Web page caption snippets:
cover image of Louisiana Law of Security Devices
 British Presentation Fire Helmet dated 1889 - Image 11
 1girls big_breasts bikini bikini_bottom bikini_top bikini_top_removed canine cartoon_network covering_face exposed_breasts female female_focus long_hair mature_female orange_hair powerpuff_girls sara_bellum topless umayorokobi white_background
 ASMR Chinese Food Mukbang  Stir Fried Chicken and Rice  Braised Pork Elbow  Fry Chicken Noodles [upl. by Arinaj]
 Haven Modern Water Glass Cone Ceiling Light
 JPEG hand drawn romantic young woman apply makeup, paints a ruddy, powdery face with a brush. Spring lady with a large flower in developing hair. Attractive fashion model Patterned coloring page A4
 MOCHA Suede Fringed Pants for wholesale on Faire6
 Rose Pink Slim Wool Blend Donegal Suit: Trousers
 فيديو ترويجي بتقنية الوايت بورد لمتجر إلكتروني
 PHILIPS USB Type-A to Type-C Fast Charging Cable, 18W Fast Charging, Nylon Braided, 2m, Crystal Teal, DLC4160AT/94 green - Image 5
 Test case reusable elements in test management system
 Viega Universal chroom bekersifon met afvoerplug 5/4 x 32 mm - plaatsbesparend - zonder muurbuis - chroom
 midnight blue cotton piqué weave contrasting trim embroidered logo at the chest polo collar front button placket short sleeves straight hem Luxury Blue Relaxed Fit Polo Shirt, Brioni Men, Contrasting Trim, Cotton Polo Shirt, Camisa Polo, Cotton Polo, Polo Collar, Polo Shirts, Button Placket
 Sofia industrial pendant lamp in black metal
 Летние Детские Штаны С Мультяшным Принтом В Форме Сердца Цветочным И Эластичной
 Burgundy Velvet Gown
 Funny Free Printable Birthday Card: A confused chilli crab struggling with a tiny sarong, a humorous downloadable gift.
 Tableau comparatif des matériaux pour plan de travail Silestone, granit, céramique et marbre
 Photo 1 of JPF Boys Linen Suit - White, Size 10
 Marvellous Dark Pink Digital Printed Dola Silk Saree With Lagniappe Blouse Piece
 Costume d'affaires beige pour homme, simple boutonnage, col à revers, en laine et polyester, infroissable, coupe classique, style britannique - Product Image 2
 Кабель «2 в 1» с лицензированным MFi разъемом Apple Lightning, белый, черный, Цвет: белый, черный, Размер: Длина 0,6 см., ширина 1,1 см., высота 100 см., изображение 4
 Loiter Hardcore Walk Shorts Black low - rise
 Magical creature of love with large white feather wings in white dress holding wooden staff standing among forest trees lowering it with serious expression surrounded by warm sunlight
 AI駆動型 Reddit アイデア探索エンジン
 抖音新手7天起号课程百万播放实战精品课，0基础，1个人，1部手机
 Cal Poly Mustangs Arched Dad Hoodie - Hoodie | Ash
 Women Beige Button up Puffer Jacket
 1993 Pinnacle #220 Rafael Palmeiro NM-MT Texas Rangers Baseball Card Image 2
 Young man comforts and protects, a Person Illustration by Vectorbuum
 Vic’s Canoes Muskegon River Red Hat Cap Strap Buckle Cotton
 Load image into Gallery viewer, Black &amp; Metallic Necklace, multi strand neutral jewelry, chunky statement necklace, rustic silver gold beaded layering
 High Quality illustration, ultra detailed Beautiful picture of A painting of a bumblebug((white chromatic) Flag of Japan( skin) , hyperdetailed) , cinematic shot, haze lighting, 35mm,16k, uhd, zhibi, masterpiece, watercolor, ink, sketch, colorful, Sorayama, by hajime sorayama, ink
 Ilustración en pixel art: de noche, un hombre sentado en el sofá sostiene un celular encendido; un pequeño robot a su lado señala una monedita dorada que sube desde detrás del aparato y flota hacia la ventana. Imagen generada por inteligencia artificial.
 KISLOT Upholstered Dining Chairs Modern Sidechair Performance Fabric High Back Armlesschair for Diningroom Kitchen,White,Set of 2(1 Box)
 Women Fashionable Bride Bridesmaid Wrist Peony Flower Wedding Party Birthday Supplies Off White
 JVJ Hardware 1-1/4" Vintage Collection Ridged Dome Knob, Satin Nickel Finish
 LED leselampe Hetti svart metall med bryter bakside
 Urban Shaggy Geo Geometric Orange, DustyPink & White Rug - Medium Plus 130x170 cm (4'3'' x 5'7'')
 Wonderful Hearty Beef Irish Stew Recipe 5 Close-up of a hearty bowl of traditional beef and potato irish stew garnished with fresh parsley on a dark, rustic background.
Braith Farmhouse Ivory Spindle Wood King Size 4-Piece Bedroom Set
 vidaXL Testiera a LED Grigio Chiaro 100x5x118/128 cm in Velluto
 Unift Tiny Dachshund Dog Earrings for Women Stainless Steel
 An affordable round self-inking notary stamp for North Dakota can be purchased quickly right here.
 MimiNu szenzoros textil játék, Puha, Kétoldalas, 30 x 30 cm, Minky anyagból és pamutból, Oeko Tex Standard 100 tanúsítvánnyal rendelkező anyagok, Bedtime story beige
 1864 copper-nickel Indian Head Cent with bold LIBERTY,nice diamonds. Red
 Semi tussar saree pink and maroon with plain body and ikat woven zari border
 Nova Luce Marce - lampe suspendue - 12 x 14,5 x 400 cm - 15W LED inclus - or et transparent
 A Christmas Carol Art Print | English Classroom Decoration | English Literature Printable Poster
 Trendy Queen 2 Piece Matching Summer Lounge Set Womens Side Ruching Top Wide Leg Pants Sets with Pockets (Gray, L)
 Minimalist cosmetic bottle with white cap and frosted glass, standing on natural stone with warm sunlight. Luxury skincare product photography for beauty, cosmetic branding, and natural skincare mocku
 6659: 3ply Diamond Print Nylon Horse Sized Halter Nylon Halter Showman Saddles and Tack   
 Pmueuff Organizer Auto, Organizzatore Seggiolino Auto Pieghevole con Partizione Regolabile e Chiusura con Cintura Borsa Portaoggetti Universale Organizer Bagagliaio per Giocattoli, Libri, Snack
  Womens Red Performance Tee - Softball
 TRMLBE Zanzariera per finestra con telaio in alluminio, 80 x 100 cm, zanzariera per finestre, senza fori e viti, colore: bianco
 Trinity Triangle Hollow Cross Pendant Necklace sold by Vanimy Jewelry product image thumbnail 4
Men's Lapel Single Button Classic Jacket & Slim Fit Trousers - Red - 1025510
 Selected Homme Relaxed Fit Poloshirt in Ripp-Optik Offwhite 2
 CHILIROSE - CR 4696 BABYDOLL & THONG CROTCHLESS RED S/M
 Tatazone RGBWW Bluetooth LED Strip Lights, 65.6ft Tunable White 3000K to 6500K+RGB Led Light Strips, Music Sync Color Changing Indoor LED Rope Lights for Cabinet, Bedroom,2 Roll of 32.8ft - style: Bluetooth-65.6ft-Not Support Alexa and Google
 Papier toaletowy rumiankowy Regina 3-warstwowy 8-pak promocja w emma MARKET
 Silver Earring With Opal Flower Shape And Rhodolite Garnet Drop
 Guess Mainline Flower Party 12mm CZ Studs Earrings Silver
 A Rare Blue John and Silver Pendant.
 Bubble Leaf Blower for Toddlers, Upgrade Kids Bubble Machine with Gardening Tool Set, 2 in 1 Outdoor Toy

Task to complete: Out of the records above, pull each line containing the word "Earrings".

Solved exercise:
 Unift Tiny Dachshund Dog Earrings for Women Stainless Steel
 Guess Mainline Flower Party 12mm CZ Studs Earrings Silver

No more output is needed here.